What the task requires: Each record should be given again exactly as it appears, with no image included.

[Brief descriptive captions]
------------------------------------------------------------------------

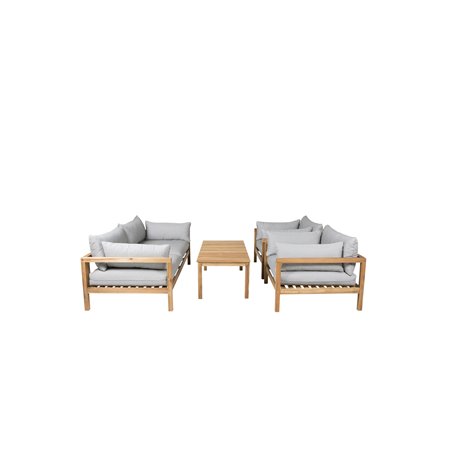 Marion Double soffa bänk - Grå tyg / Acacia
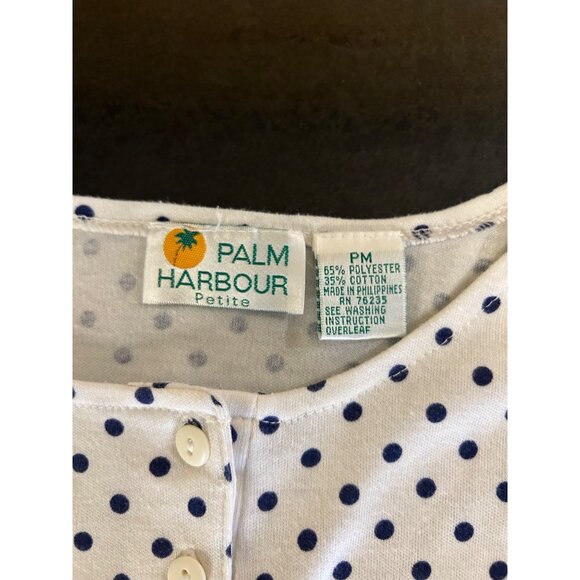 Palm Harbour Petite Polka Dot Cap Sleeve Henley Blouse PM - Picture 3 of 5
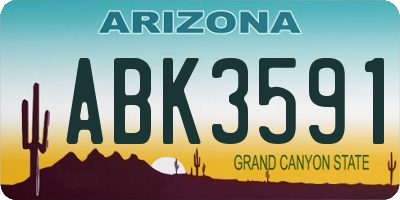 AZ license plate ABK3591
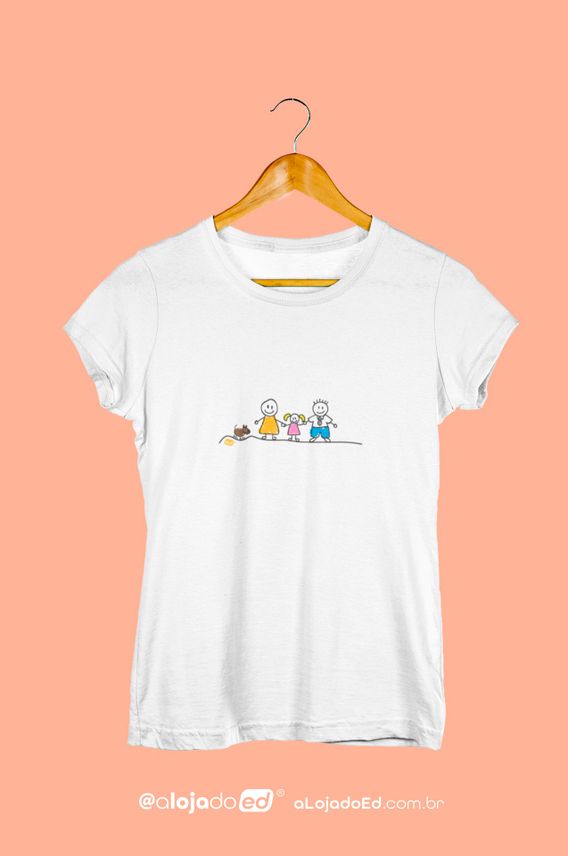 CACHORRO, MAE, FILHA E PAI - Camiseta Baby Long Estampada Desenho de Criança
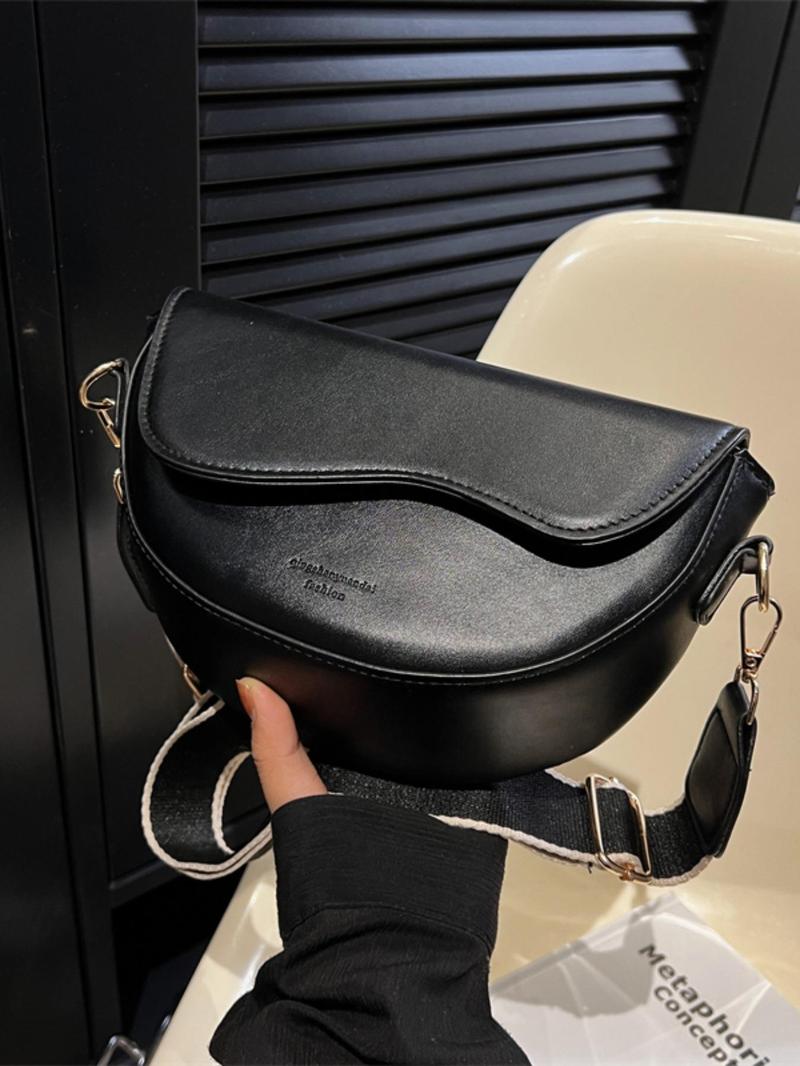 Product Introduction of Women's Fashion Solid Color Saddle Bag, Elegant PU Leather Back To School Crossbody Bag for Daily Use, Casual Trendy Versatile Commuting Bag for Women & Girls, Airport Outfits 2024 1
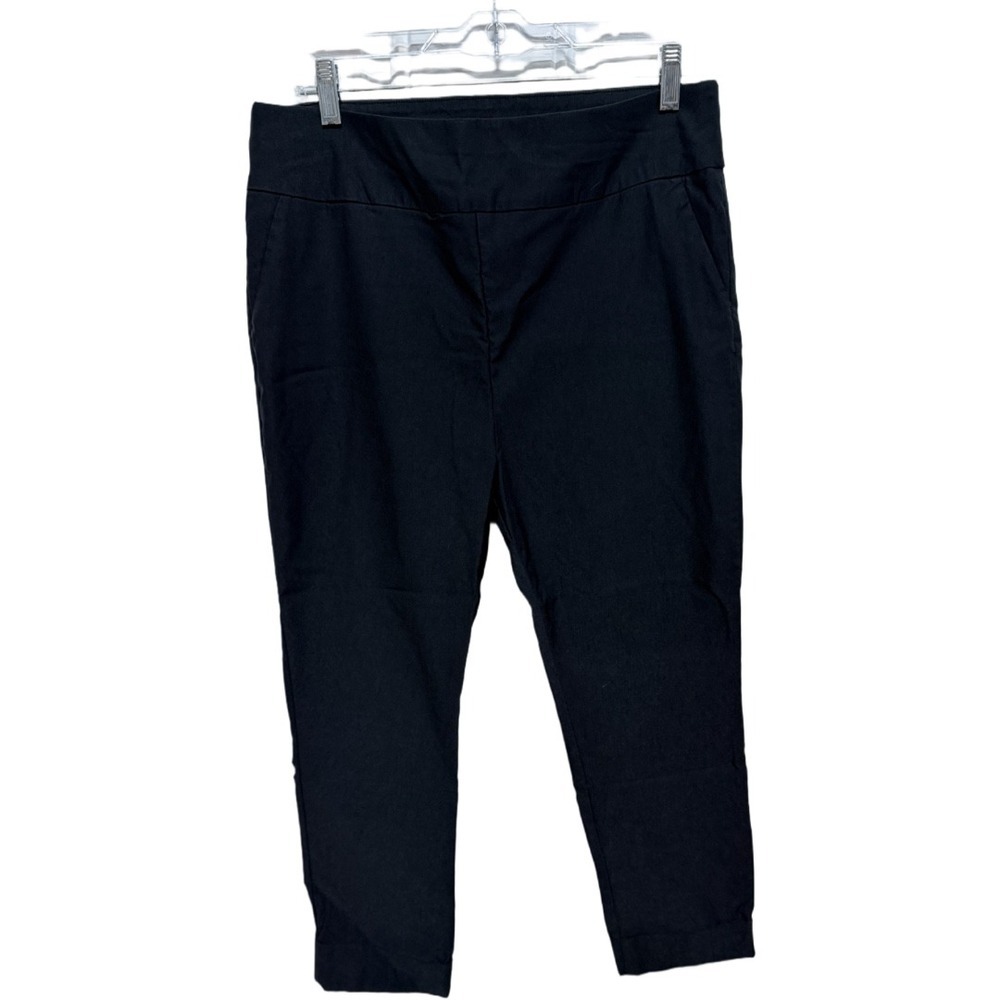 New York & Company Womens Pants Size XL Black Pockets Rayon Blend Mid-Rise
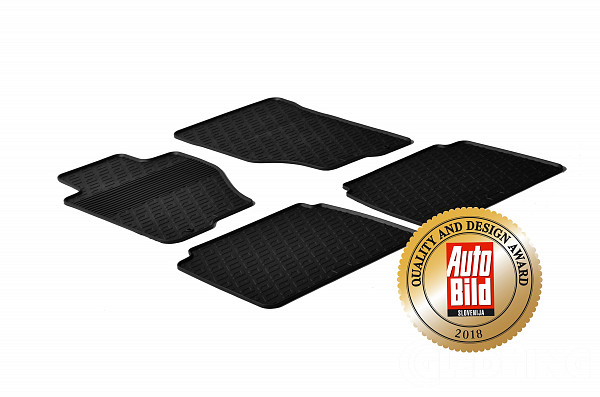 Custom Fit Rubber Floor Mats Compatible With Kia Sorento 09.2002-09.2009 4 Pcs Set, With Raised Edge, Award Winning Design, Black Colour, Precision-Fit Rubber Car Mats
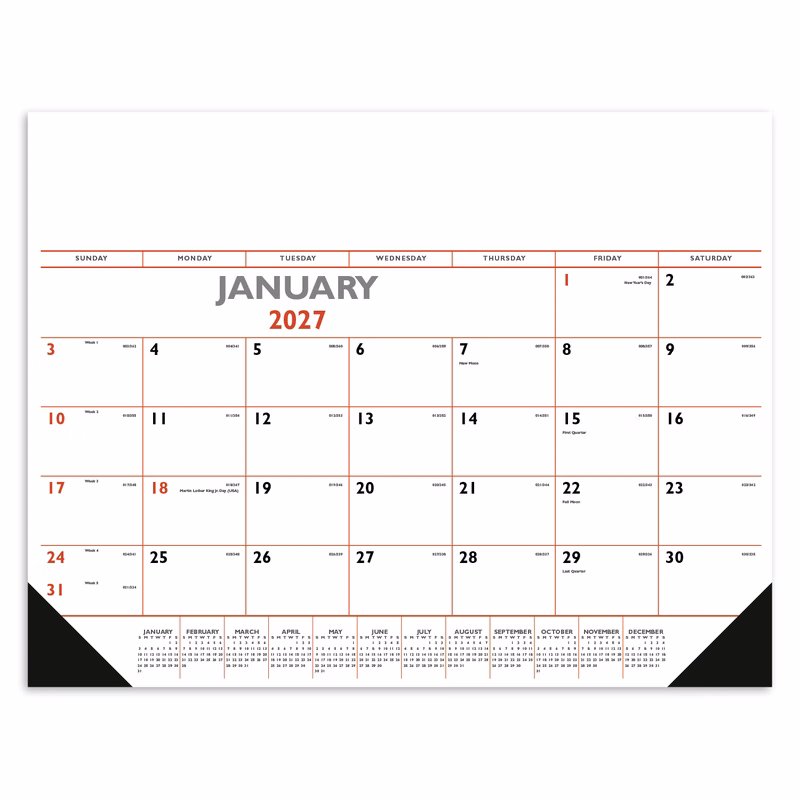 Triumph® Calendars Red & Black Desk Pad with Vinyl Corners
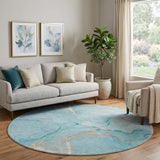 8' Teal And Turquoise Abstract Shag Washable Round Rug With UV Protection - HomeRoots - Flyclothing LLC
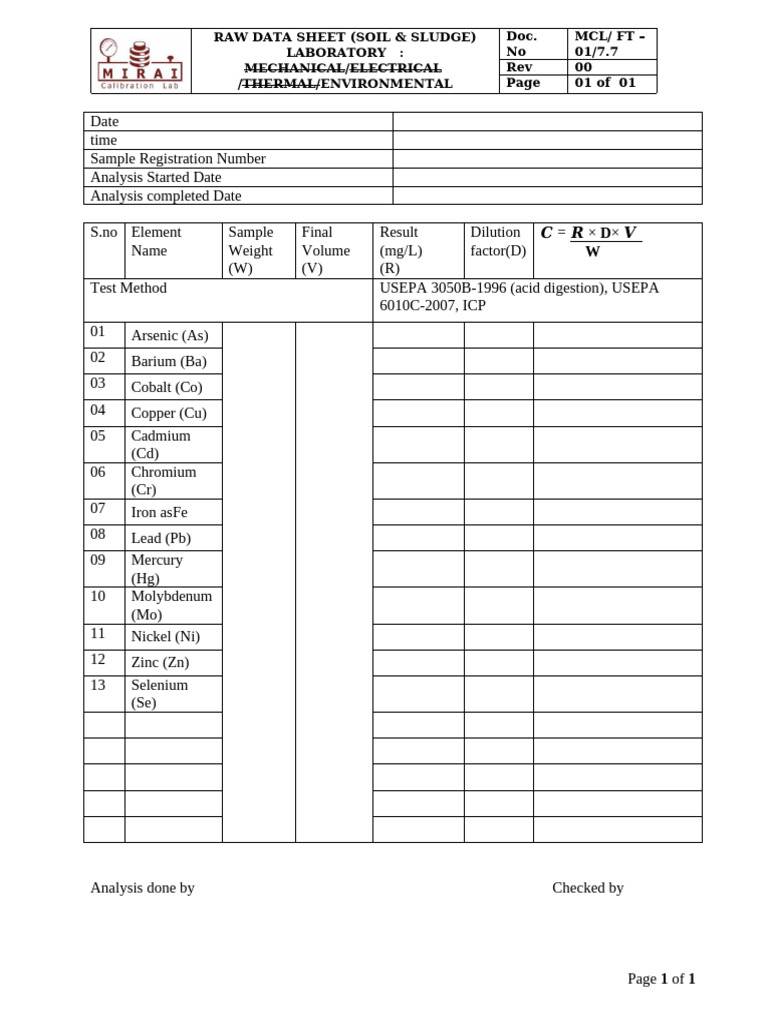 FT 01 7.7 Total Metals | PDF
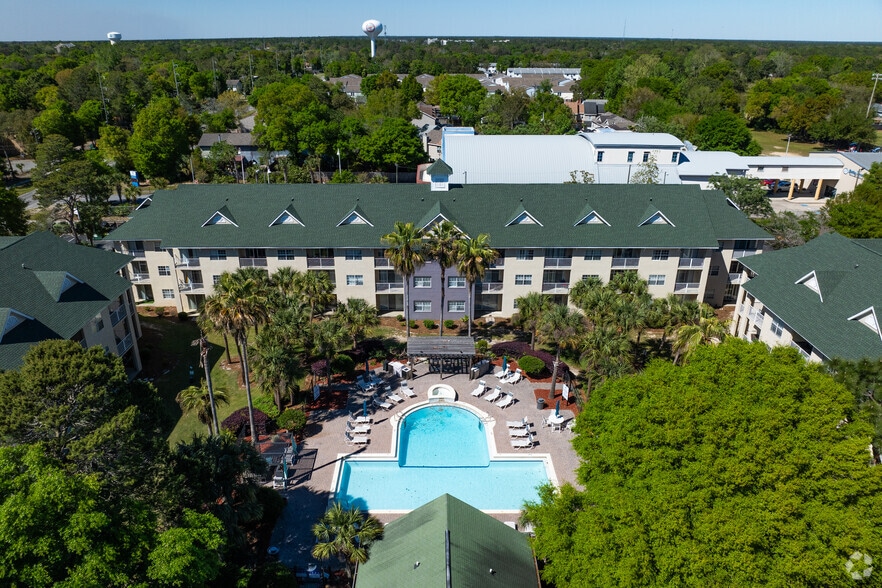 Aerial Pool - Coastline Apartments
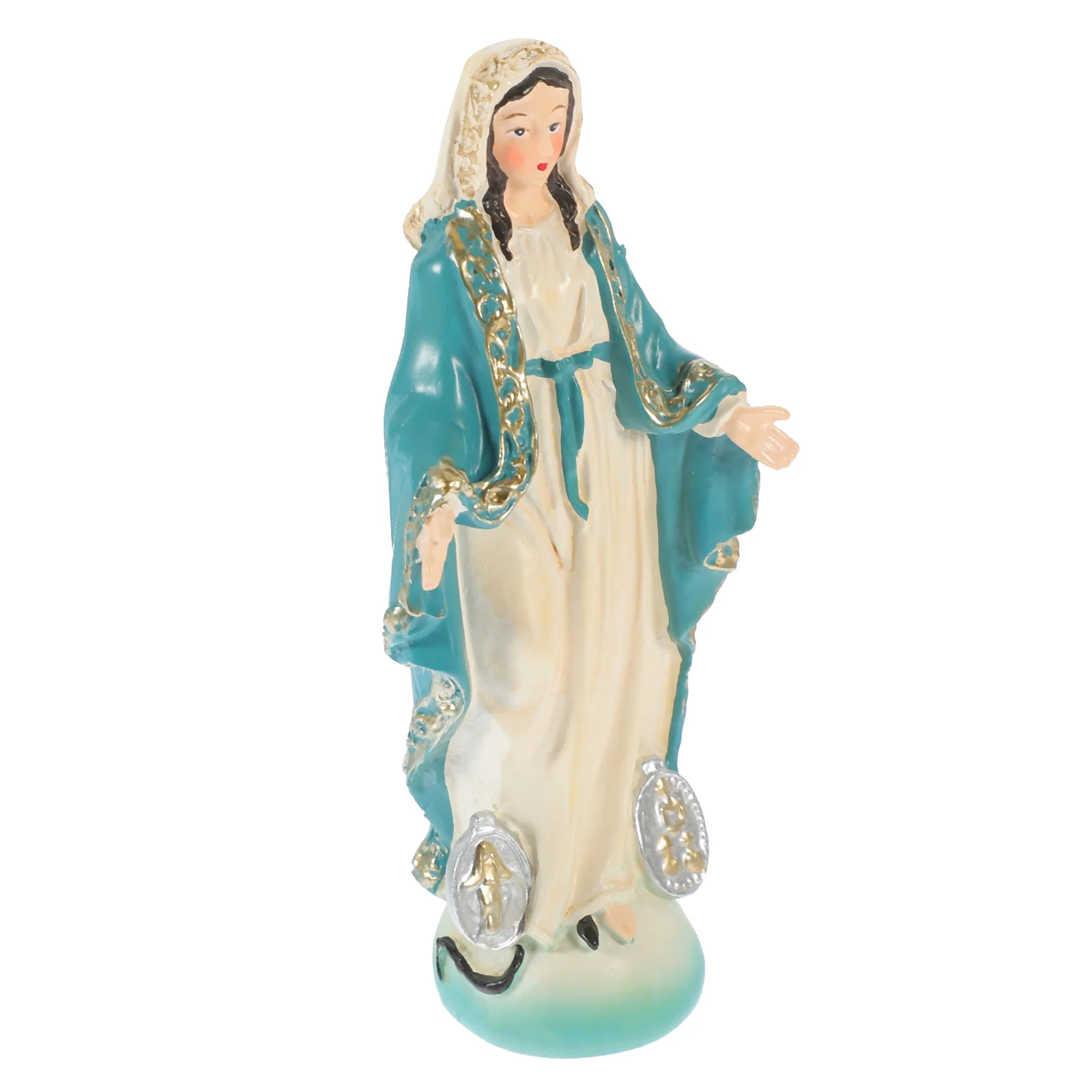 

Madonna Statue Ornaments Resin Virgin Mary Sculpture Adornment Church Decoration Desktop Tiny Crafts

------------------------------------------------------------------------

Task response:
 Marion Double soffa bänk - Grå tyg / Acacia
 Palm Harbour Petite Polka Dot Cap Sleeve Henley Blouse PM - Picture 3 of 5
 AZ license plate ABK3591
 CACHORRO, MAE, FILHA E PAI - Camiseta Baby Long Estampada Desenho de Criança
 Product Introduction of Women's Fashion Solid Color Saddle Bag, Elegant PU Leather Back To School Crossbody Bag for Daily Use, Casual Trendy Versatile Commuting Bag for Women & Girls, Airport Outfits 2024 1
 New York & Company Womens Pants Size XL Black Pockets Rayon Blend Mid-Rise
 Custom Fit Rubber Floor Mats Compatible With Kia Sorento 09.2002-09.2009 4 Pcs Set, With Raised Edge, Award Winning Design, Black Colour, Precision-Fit Rubber Car Mats
 Triumph® Calendars Red & Black Desk Pad with Vinyl Corners
 8' Teal And Turquoise Abstract Shag Washable Round Rug With UV Protection - HomeRoots - Flyclothing LLC
 FT 01 7.7 Total Metals | PDF
 Aerial Pool - Coastline Apartments

Madonna Statue Ornaments Resin Virgin Mary Sculpture Adornment Church Decoration Desktop Tiny Crafts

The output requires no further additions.